:: Data below ::
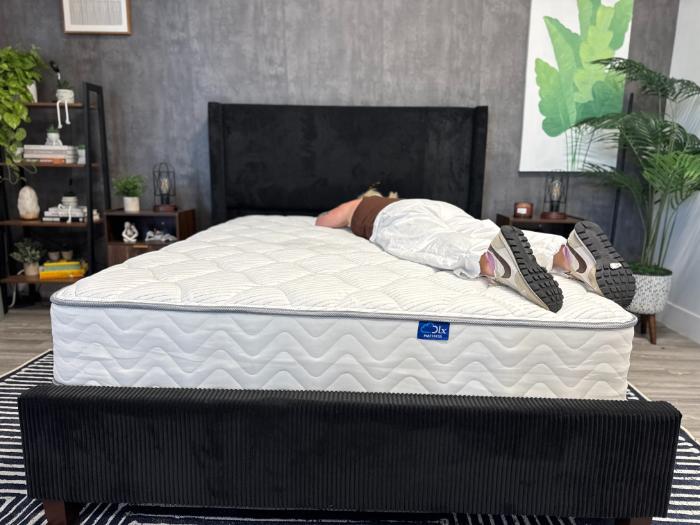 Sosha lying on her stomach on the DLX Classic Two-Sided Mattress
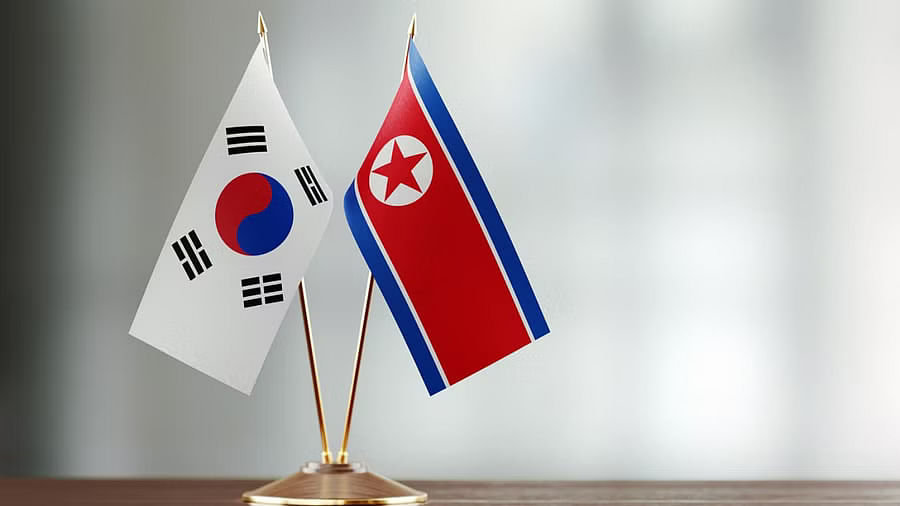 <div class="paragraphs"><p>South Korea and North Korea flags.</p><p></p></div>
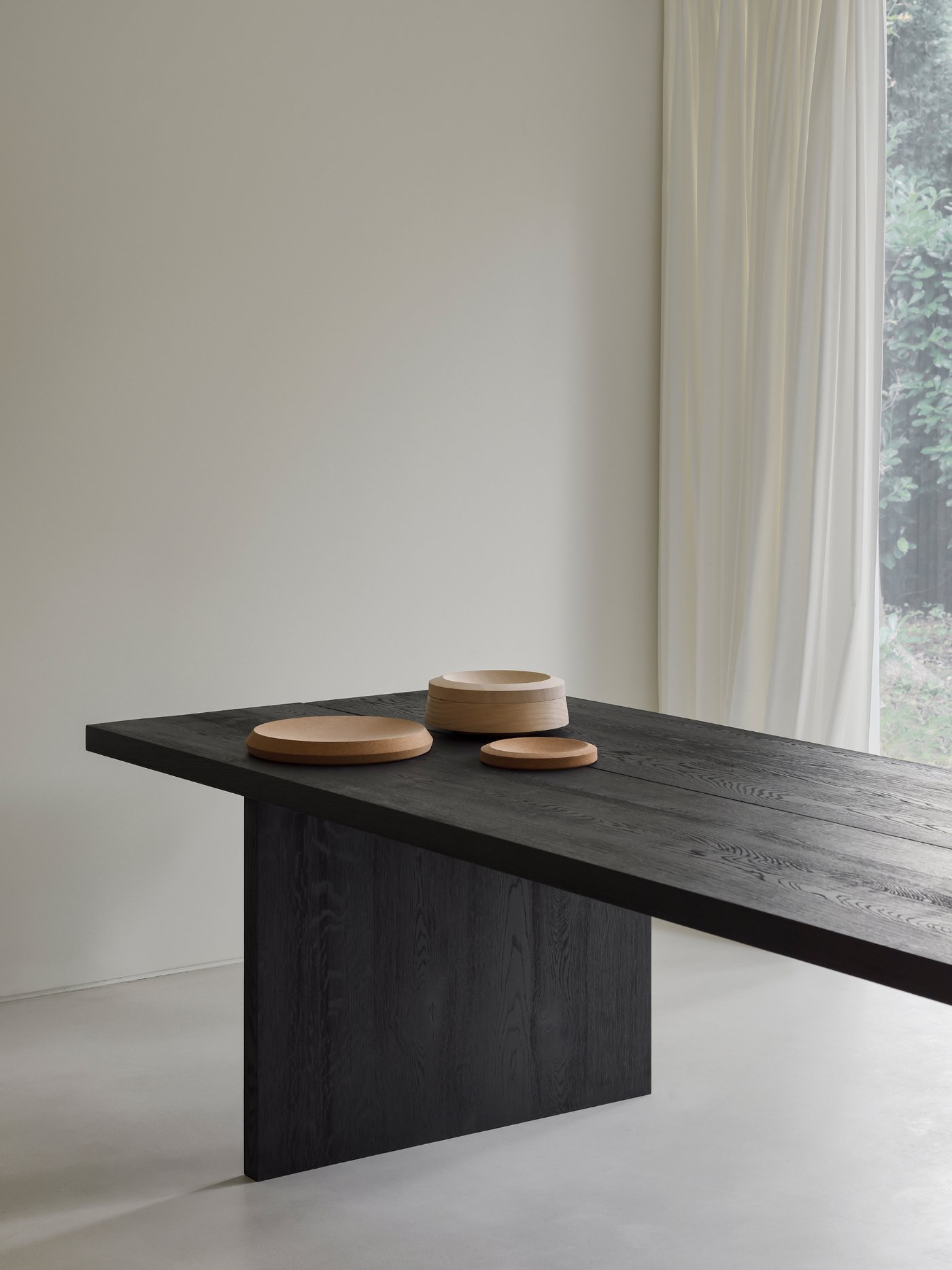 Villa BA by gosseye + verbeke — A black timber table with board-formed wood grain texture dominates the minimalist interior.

:: What is being asked ::
Pictures do not belong in the copy. Reproduce the rest of the data exactly.

:: Output for this task ::
 Sosha lying on her stomach on the DLX Classic Two-Sided Mattress
 <div class="paragraphs"><p>South Korea and North Korea flags.</p><p></p></div>
 Villa BA by gosseye + verbeke — A black timber table with board-formed wood grain texture dominates the minimalist interior.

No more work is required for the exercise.